Late afternoon in the beautifully magic garden; balmy and still. Tree-tops, primroses, lemon-basil and wotnots hallowed in an orangy-glow that wafts from Helderberg’s burning vineyards. A tragedy.
Ash from once bursting grapes and lush greenery floats like speckled grey snow amongst lazy summer, nectar and sex infused insects. An attractive fat bumble bee in a yellow striped jacket hovers around some small pink flowers. The leafs of the plant I used to put into my food at the time when I believed it to be edible and family of Mint. Turned out it was seriously poisonous, without me experiencing any serious effects...
It set me thinking this morning, how the flame will into eternity dare and fascinate the moth. Inviting and licking starvingly at the delicate fragments of the moths fluttering wings.
How the danger of the greener pastures lures the curios, creative of mind and the ever-youthful old soul to the sketchy edges of a long, narrow and steep drop just to get a view of the sharp rocks and ever restless ocean far below.
And turning my mind to how a tiny kitten can behave erratically bravely in the sheer face of a scowling big albino tiger cat (case of a house-trained domestic and no-nonsense cuddle bear).
Sipping cool wine, bare feet resting on the limp garden table, ensconced in sun dapples and droplets from the sprayer, I hankered yet again after something nameless. Freedom? Maybe. Could have gone doing some worthwhile volunteering stuff at the raging fires.

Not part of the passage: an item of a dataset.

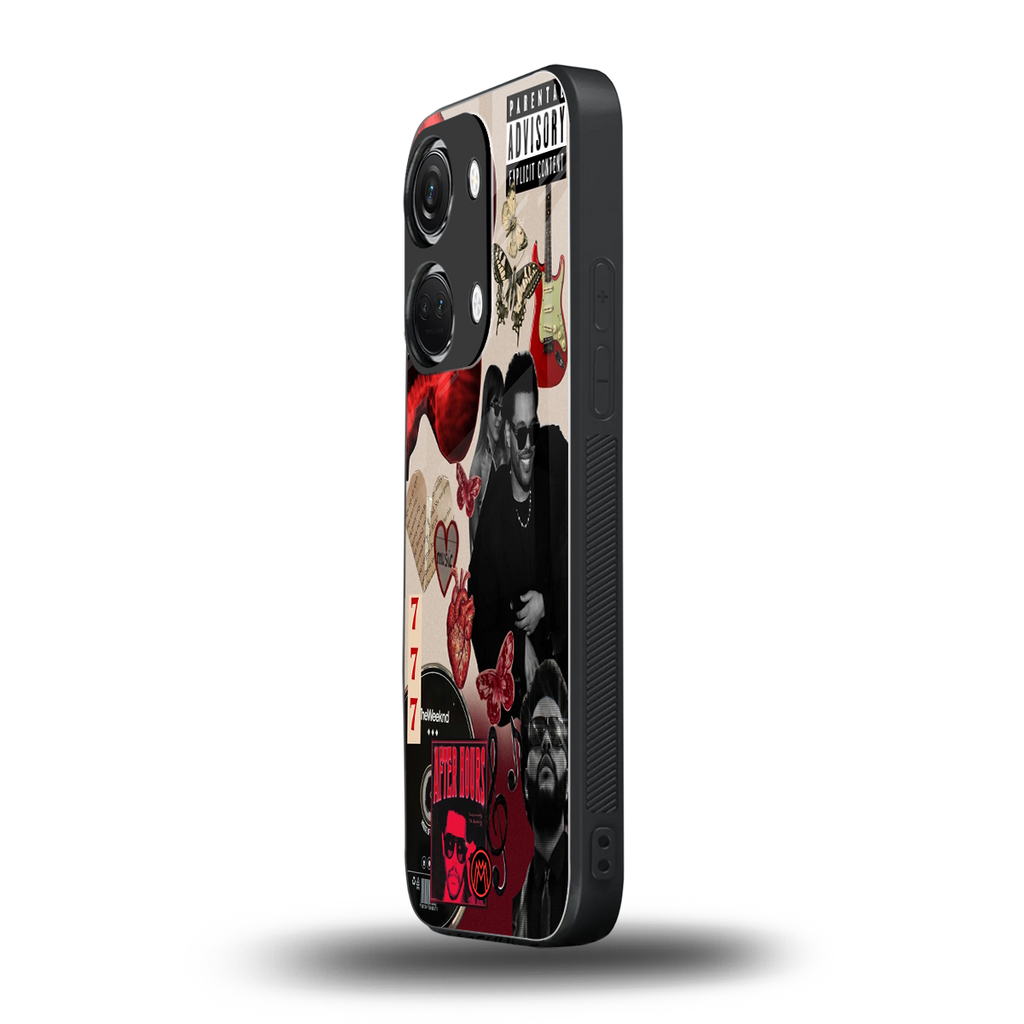 weeknd vibes back phone cover | glass case for oneplus nord 3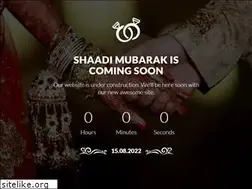 Sites similar to shaadimubarak.com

Perhaps, as long as it would not include me burning to an unplanned premature death. Mind, nobody plans when they die. Not that I'm aware off...
Anything to overcome the feeling of missing life; apart from getting well and truly tipsy.
Well, dear gangly kitten Luigi brought a smile on when Mr. decided to accomplish the great task of taunting tiger Harry…AGAIN. Luigi did okay for a cocky kitten and scrambled-climbed from Mission Impossible to Mission Completed. On all four on top of the tiger and acting a bit like a baboon...Some growling started, followed by ferocious kicking and eventually tufts of hair ruffled and flew in several directions…
Harry the Gladiator eventually became bored from the never-ending onslaught from Luigi the Terminator. He smartly decided to thwart the little loafer with a dead-scary look that read
"PISS OFF OR DIE"
Daft kitten hardly bats an eye.
So Luigi prowls away with a Oscar for Best Acting Italian Stalker, and Harry purrs with acclaim for Best Heavy Weight Director.